Ricardo Baptista Leite disse que o PSD está disponível para conversar com o PS sobre a nova Lei de Bases da Saúde, desafiando os socialistas a apresentarem propostas de alteração ao texto dos sociais-democratas.

Colocando o país à frente de todos os interesses, e apesar deste percurso em que o PS afastou o PSD do processo, estamos disponíveis para essa conversa. Mas é necessário que o PS venha ter com o PSD e apresente as suas propostas de alteração", afirmou Ricardo Baptista Leite, que coordena na bancada as questões de saúde e integrou o grupo de trabalho sobre a Lei de Bases.

Questionado se tem de ser o texto do PSD a base de trabalho com o PS, o deputado respondeu afirmativamente, apontando que tem sido essa a posição dos sociais-democratas desde o início do processo.
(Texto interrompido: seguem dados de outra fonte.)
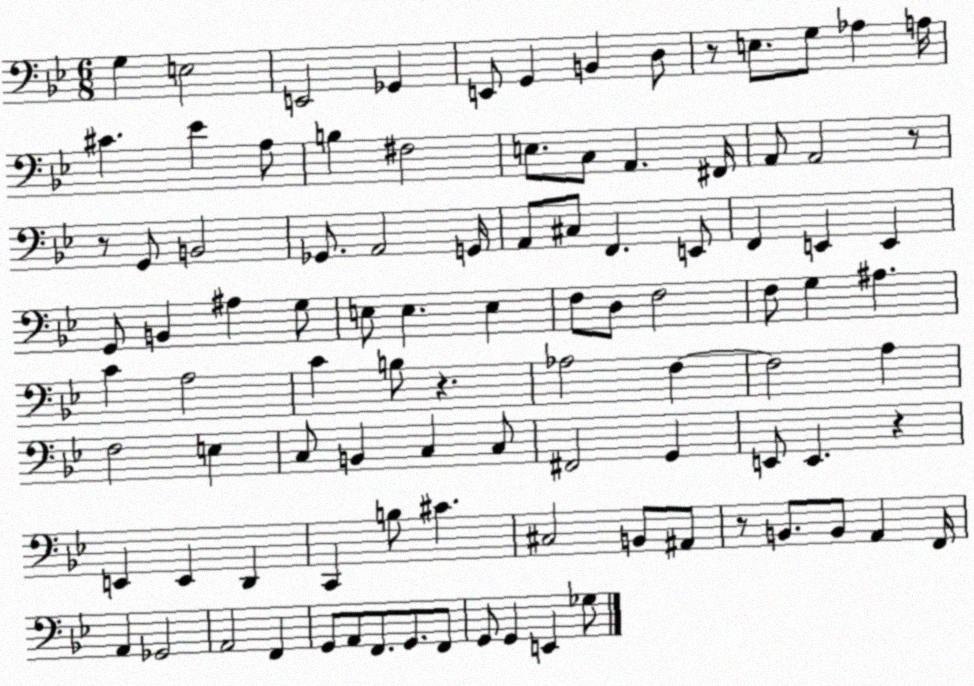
X:1
T:Untitled
M:6/8
L:1/4
K:Bb
G, E,2 E,,2 _G,, E,,/2 G,, B,, D,/2 z/2 E,/2 G,/2 _A, A,/4 ^C _E A,/2 B, ^F,2 E,/2 C,/2 A,, ^F,,/4 A,,/2 A,,2 z/2 z/2 G,,/2 B,,2 _G,,/2 A,,2 G,,/4 A,,/2 ^C,/2 F,, E,,/2 F,, E,, E,, G,,/2 B,, ^A, G,/2 E,/2 E, E, F,/2 D,/2 F,2 F,/2 G, ^A, C A,2 C B,/2 z _A,2 F, F,2 A, F,2 E, C,/2 B,, C, C,/2 ^F,,2 G,, E,,/2 E,, z E,, E,, D,, C,, B,/2 ^C ^C,2 B,,/2 ^A,,/2 z/2 B,,/2 B,,/2 A,, F,,/4 A,, _G,,2 A,,2 F,, G,,/2 A,,/2 F,,/2 G,,/2 F,,/2 G,,/2 G,, E,, _G,/2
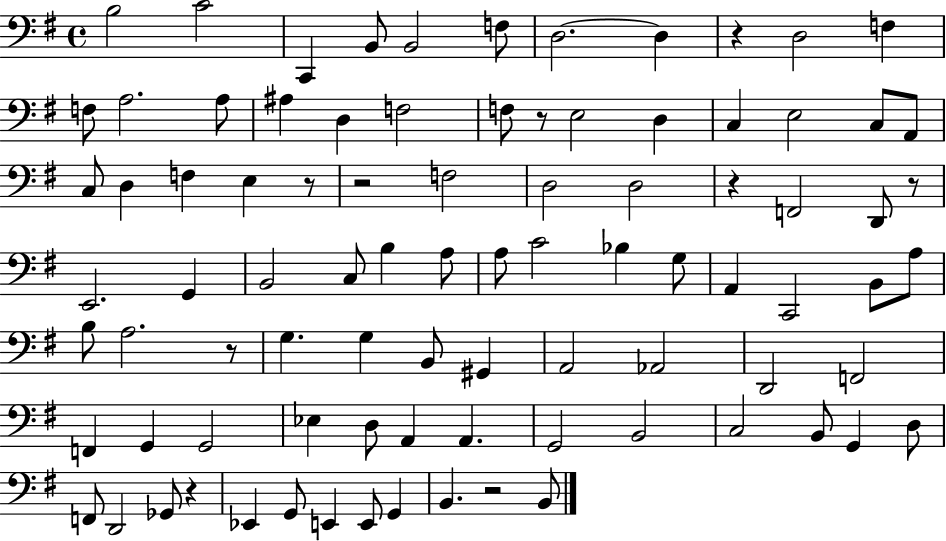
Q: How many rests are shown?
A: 9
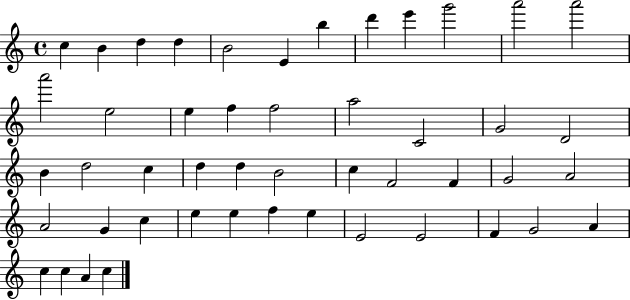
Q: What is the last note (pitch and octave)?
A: C5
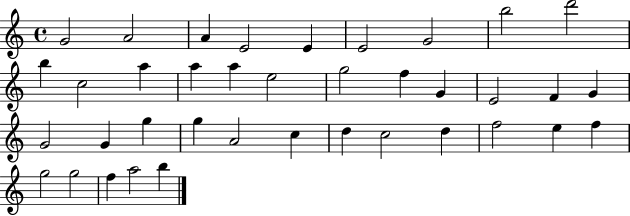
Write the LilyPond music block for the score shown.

{
  \clef treble
  \time 4/4
  \defaultTimeSignature
  \key c \major
  g'2 a'2 | a'4 e'2 e'4 | e'2 g'2 | b''2 d'''2 | \break b''4 c''2 a''4 | a''4 a''4 e''2 | g''2 f''4 g'4 | e'2 f'4 g'4 | \break g'2 g'4 g''4 | g''4 a'2 c''4 | d''4 c''2 d''4 | f''2 e''4 f''4 | \break g''2 g''2 | f''4 a''2 b''4 | \bar "|."
}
Apesar de terem votado sistematicamente contra tudo o que está no nosso projeto, o PS, se objetivamente tem interesse em dialogar, está nas mãos do PS pegar no projeto social-democrata e dizer o que o PS entende propor de alterações ao projeto do PSD", frisou.

No plano estritamente político, o PS também tem equacionado as consequências de um acordo à sua direita num setor social extremamente sensível como o da Saúde e, para mais, em vésperas de eleições e depois de uma legislatura de confronto com PSD e CDS sobre o papel do setor público no país.

Na Lei de Bases da Saúde, um dos objetivos centrais do PS é precisamente revogar a legislação contrária ao SNS que foi aprovada em 1990, durante o segundo Governo liderado por Cavaco Silva", referiu à agência Lusa um destacado dirigente socialista.